Witam serdecznie,
Zimno, ciemno i ponuro się robi wokół. Zwykła kolej rzeczy, ale kiedy tylko błyśnie słońce wyciągamy do niego dzióbki i wchłaniamy energię przygotowując się na długie mroźne wieczory. Poprzedni tydzień był dość męczący, ale nie od pracy, tylko raczej od leniuchowania. I w piątek przyjechał małżonek najdroższy (następnym razem pochwalę się dlaczego aż tak najdroższy, bo że kochany, to wiadomo:)) i wpadł na genialny pomysł:
Przemalowaliśmy pokój dzieci z zielonego na niebieski (wybaczcie, że nie precyzuję, ale nie znam się na odcieniach, syn mówi mi, że połowa mnie to daltonista, też go kocham:)) Mąż zajął się tłem, a ja chmurkami. Nie miały przypominać tych zza okna, miały być bajkowe. Od razu lepiej się czuję.

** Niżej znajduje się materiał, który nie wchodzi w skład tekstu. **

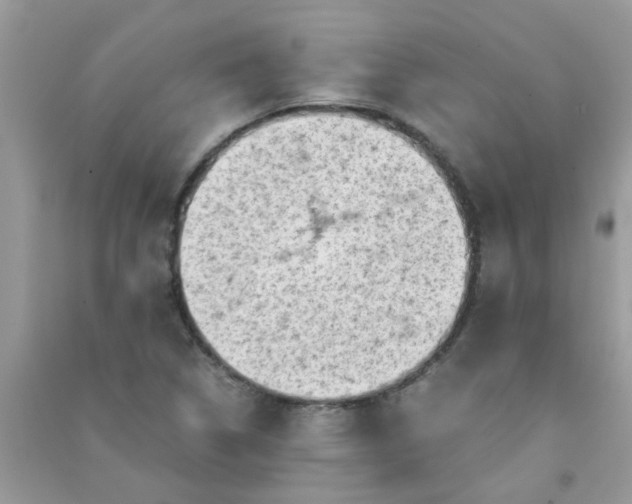 X0000091011314200708161950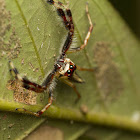 Jumping Spider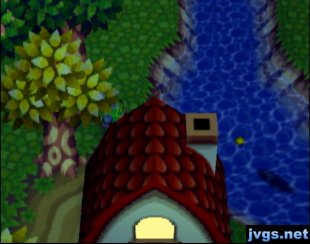 In the process of catching an arapaima.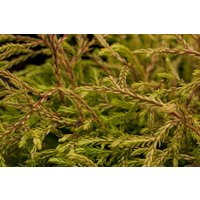Kategorie <b>Nadelbäume u. Koniferen </b> - Thuja occidentalis 'Golden Tuffet' 20-25 cm
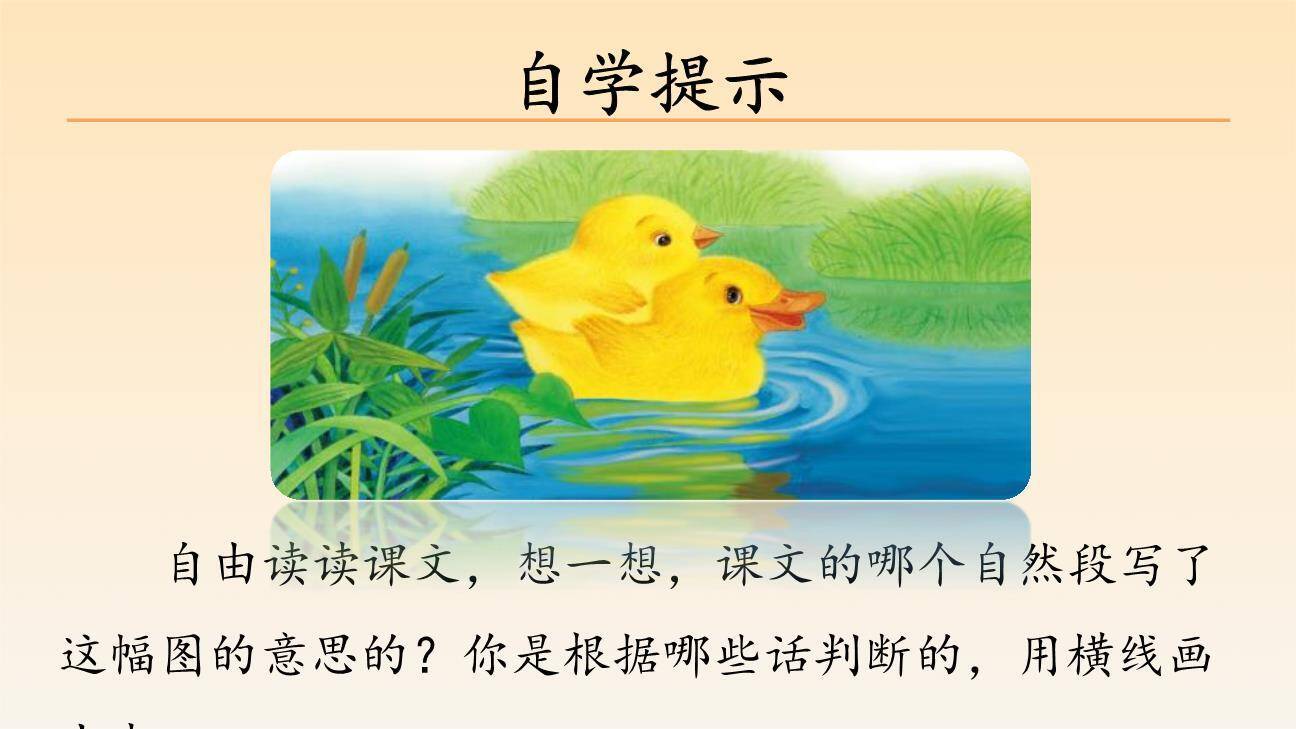 小公鸡和小鸭子PPT课件33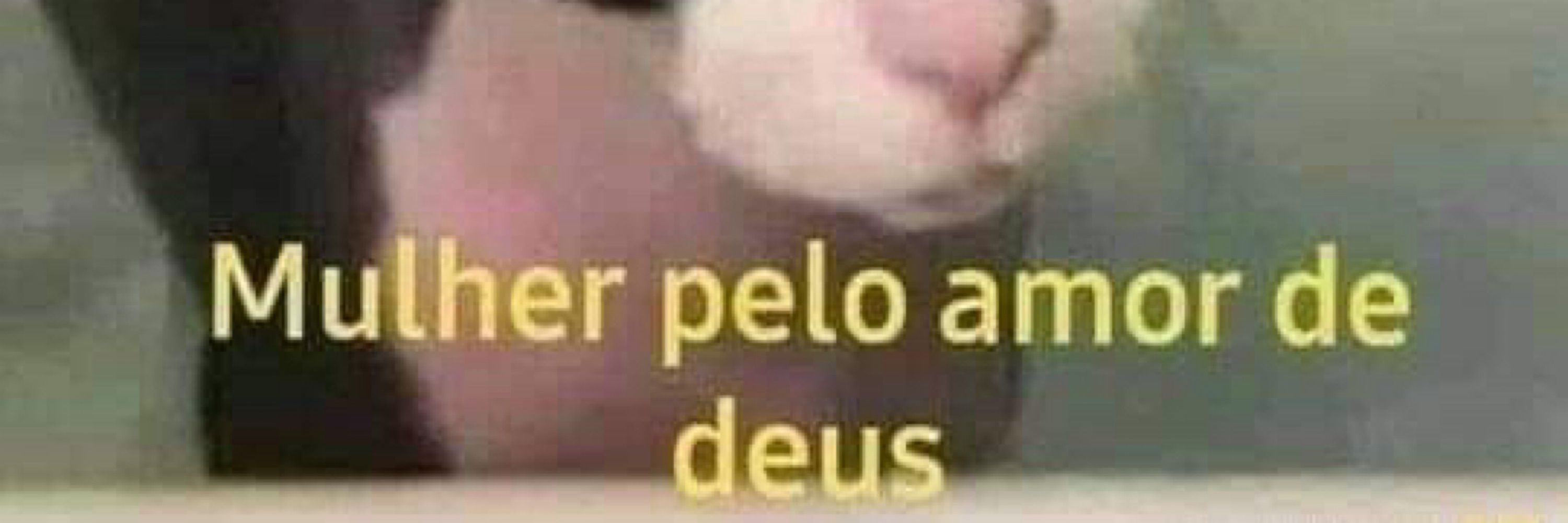 Mi✨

W jeden wieczór podjęta decyzja, w jeden dzień zmieniony pokój, w sam raz na urodzinową imprezkę, którą mieliśmy w niedzielę. Córka ma już trzy latka.
Miłego wieczoru
lena
Fantastyczny pomysł - teraz dzieci mają niebiański pokoik:)))) A dla córeczki wszystkiego co najlepsze !!! Dużo zdrówka i uśmiechu na buzi:)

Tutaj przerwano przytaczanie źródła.